Estate of Montag Ex Rel. Montag v. Honda Motor Co.

856 F. Supp. 574, 1994 U.S. Dist. LEXIS 9063
CourtDistrict Court, D. Colorado
DecidedJune 9, 1994
DocketCiv. A. 92-S-135
StatusPublished
Cited by13 cases

This text of 856 F. Supp. 574 (Estate of Montag Ex Rel. Montag v. Honda Motor Co.) is published on Counsel Stack Legal Research, covering District Court, D. Colorado primary law. Counsel Stack provides free access to over 12 million legal documents including statutes, case law, regulations, and constitutions.

Bluebook
Estate of Montag Ex Rel. Montag v. Honda Motor Co., 856 F. Supp. 574, 1994 U.S. Dist. LEXIS 9063 (D. Colo. 1994).

Opinion

ORDER

SPARR, District Judge.

THIS MATTER comes before the court on the Defendants’ Motion in Limine to Exclude All Evidence of and References to Restraint Systems Consisting of a Three-Point Manual Safety Belt and an Airbag, filed May 10, 1994. The court has reviewed the motion, the Plaintiffs’ Response, the entire case file, the arguments made by counsel in open court and in chambers on June 6, 1994, and the applicable law and is fully advised in the premises.

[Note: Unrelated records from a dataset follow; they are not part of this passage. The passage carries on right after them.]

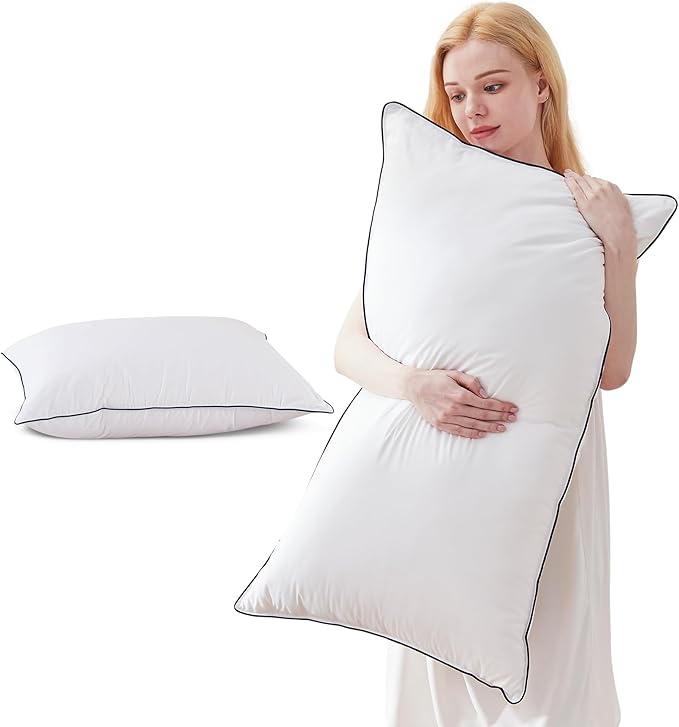 Cosybay Goose Feather and Down Bed Pillow, Premium Medium White Pillow Inserts for Sleeping, Luxury Bedding Pillows for Side and Back Sleepers, Queen Size, 20x36 Inches, 1 Pack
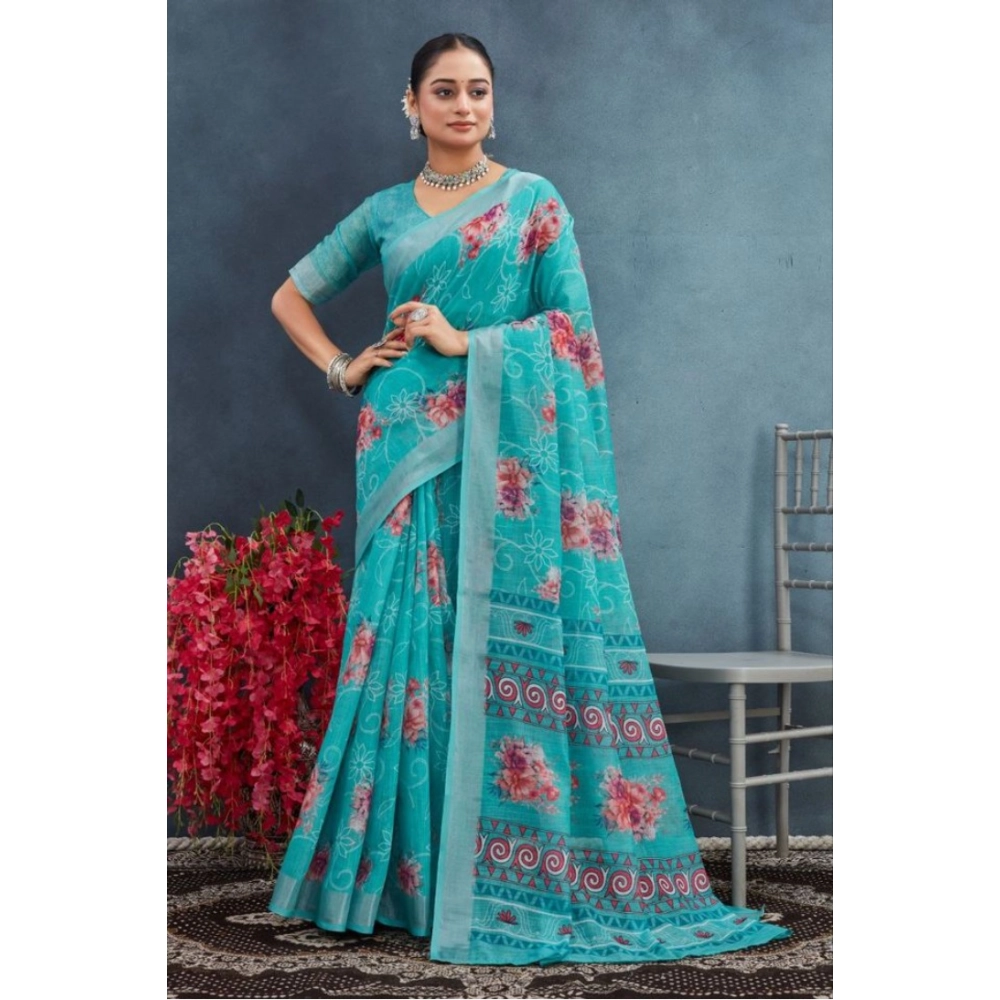 Generic Women's Linen Floral Printed Saree With Unstitched Blouse 5.5Mtr (Aqua) - Image 4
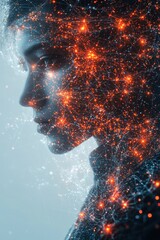 A futuristic synergy of a businessman with digital and technological complexity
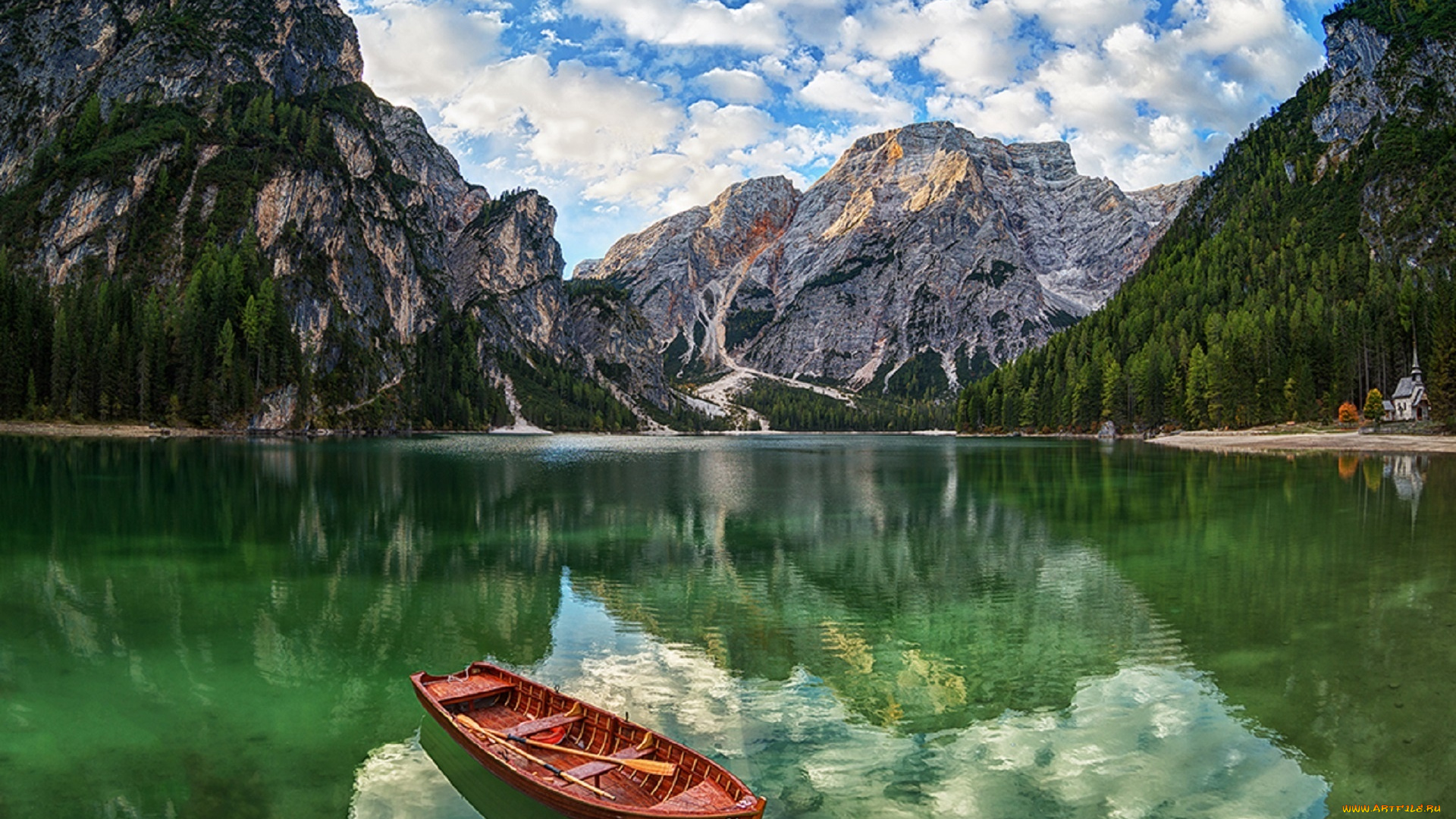 корабли, лодки, , шлюпки, отражение, горы, лодка, озеро, браиес, щипкова, елена, доломитовые, альпы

Defendants ask the court to exclude all evidence of and references to airbag restraint systems, including: (1) that airbag restraint systems were feasible, practical, or available in other 1988 model-year vehicles, (2) that Diane Montag’s injuries would have been reduced or prevented if the 1988 Honda Prelude had been equipped with an airbag restraint system, and (3) that the 1988 Prelude is defective or unsafe because it was not equipped with an airbag restraint system. The Defendants believe that the Plaintiffs intend to introduce such evidence through their expert witness, Akio Takaoka. See Exhibit E to Defendants’ Motion In Limine. The Defendants proffer two reasons that the court should exclude all evidence of and references to airbag restraint systems. First, any claim that seeks to impose liability on the Defendants for not equipping the 1988 Prelude with an airbag restraint system is preempted by the National Traffic and Motor Vehicle Safety (the Safety Act) and Federal Motor Vehicle Safety Standard 208 (FMVSS 208). Second, the Plaintiffs should be precluded from raising any defect theories not expressed by Plaintiffs’ experts in their expert reports at the time of endorsement. Defendants argue that only on March 1, 1994, the last day of discovery, did the Plaintiffs in any way allege that this 1988 Honda Prelude was defective because it was not equipped with an airbag restraint system.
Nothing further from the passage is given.